═════ Available data ═════

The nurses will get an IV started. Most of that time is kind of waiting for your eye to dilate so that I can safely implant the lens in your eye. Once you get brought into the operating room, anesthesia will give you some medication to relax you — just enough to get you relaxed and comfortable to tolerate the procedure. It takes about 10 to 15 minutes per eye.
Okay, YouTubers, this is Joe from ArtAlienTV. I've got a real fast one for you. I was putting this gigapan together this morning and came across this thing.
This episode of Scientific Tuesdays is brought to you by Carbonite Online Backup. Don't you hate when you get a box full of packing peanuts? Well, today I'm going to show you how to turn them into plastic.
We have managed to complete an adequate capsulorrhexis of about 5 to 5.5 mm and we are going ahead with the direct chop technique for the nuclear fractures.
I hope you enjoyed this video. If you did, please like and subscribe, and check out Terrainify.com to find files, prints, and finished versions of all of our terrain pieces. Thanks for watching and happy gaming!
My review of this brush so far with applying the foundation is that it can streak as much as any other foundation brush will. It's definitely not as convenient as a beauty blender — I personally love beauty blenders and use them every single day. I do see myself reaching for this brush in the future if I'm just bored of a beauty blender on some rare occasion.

═════
═════ Available data ═════

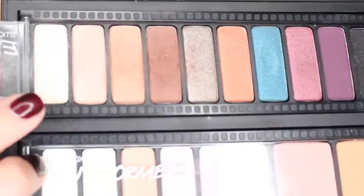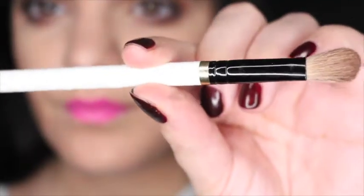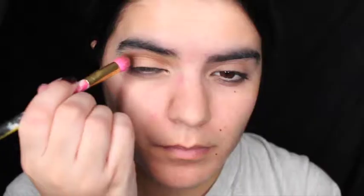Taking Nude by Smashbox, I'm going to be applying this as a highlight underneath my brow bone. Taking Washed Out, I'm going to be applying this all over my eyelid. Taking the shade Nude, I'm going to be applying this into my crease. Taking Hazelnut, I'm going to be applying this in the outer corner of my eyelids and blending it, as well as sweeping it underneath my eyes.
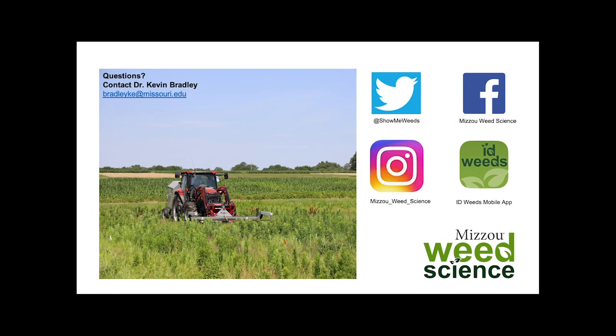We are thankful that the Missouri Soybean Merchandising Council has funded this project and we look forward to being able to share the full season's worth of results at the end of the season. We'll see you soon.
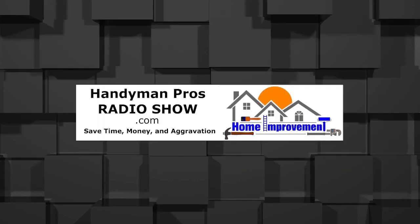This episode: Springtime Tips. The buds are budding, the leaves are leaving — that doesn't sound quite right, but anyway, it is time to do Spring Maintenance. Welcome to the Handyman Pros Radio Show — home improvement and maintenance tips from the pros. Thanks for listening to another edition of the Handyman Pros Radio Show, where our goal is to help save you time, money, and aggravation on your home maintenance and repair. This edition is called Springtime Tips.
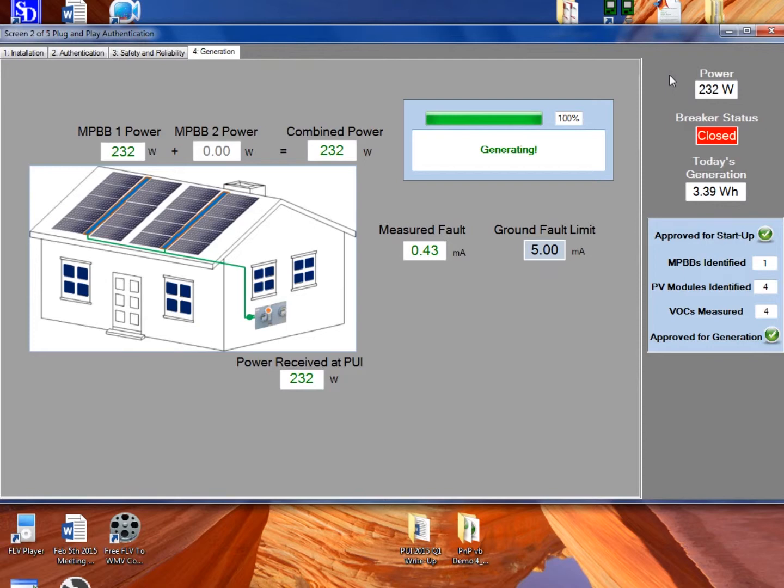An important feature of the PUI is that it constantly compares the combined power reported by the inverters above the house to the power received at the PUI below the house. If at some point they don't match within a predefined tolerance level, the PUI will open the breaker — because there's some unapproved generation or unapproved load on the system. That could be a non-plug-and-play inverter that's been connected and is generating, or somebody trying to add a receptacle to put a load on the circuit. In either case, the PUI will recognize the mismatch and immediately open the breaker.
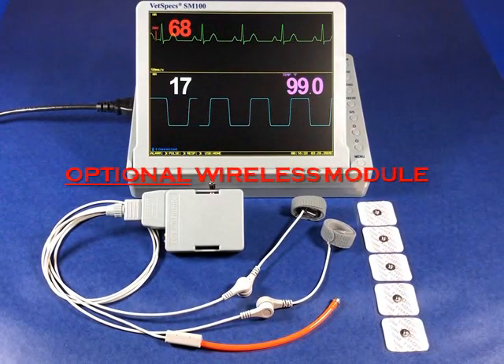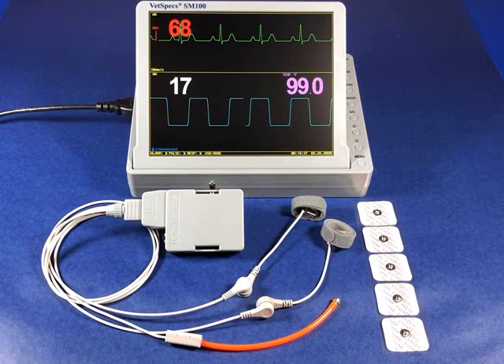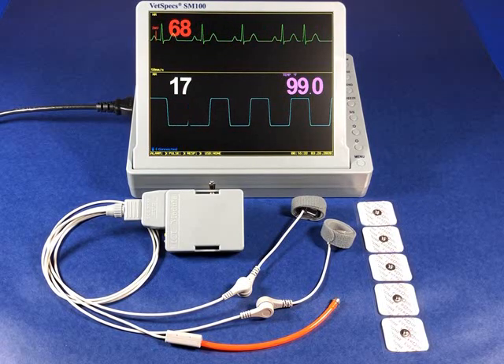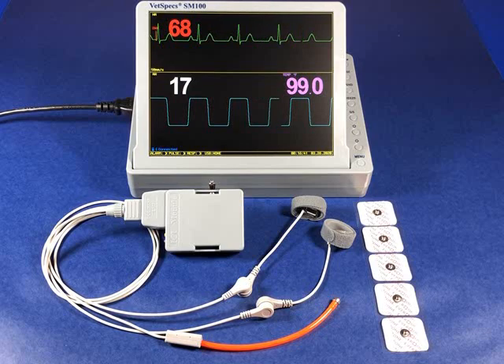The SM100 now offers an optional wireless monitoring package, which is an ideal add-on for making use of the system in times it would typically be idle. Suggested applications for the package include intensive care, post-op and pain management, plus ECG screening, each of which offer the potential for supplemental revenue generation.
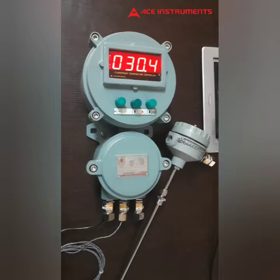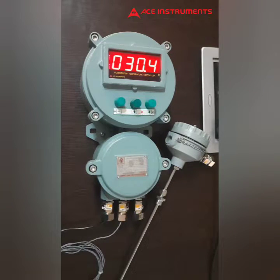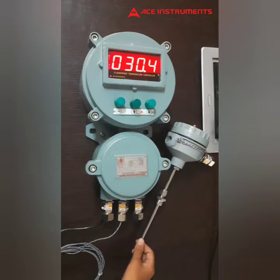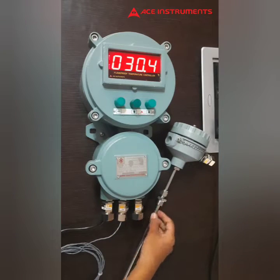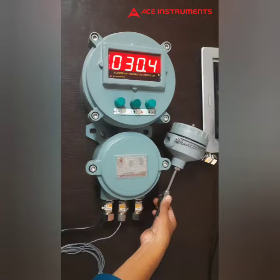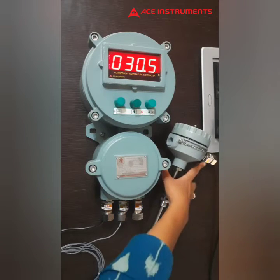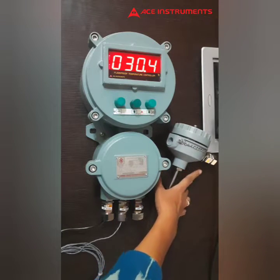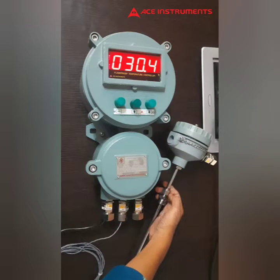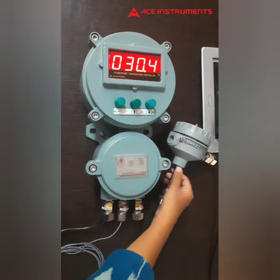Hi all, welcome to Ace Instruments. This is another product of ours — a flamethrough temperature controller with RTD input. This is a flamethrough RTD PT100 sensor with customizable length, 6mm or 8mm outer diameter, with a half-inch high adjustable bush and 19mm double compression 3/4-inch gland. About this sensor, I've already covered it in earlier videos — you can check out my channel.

═════
═════ Available data ═════

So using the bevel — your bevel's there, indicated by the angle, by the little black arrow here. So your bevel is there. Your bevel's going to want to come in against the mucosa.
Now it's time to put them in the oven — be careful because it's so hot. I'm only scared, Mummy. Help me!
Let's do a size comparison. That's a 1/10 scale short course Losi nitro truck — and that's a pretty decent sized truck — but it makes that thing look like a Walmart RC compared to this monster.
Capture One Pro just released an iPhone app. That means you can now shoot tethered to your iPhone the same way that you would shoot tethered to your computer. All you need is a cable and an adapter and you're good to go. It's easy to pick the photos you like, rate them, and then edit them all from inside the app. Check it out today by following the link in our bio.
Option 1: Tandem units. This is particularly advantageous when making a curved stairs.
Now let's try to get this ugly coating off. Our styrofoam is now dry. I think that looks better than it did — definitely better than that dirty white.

═════

• [Directions]:
The required answer is the run of lines above, starting at the line with "I hope you enjoyed" and ending at the line with "My review of", reproduced exactly with both ends.

• [Completed task]:
I hope you enjoyed this video. If you did, please like and subscribe, and check out Terrainify.com to find files, prints, and finished versions of all of our terrain pieces. Thanks for watching and happy gaming!
My review of this brush so far with applying the foundation is that it can streak as much as any other foundation brush will. It's definitely not as convenient as a beauty blender — I personally love beauty blenders and use them every single day. I do see myself reaching for this brush in the future if I'm just bored of a beauty blender on some rare occasion.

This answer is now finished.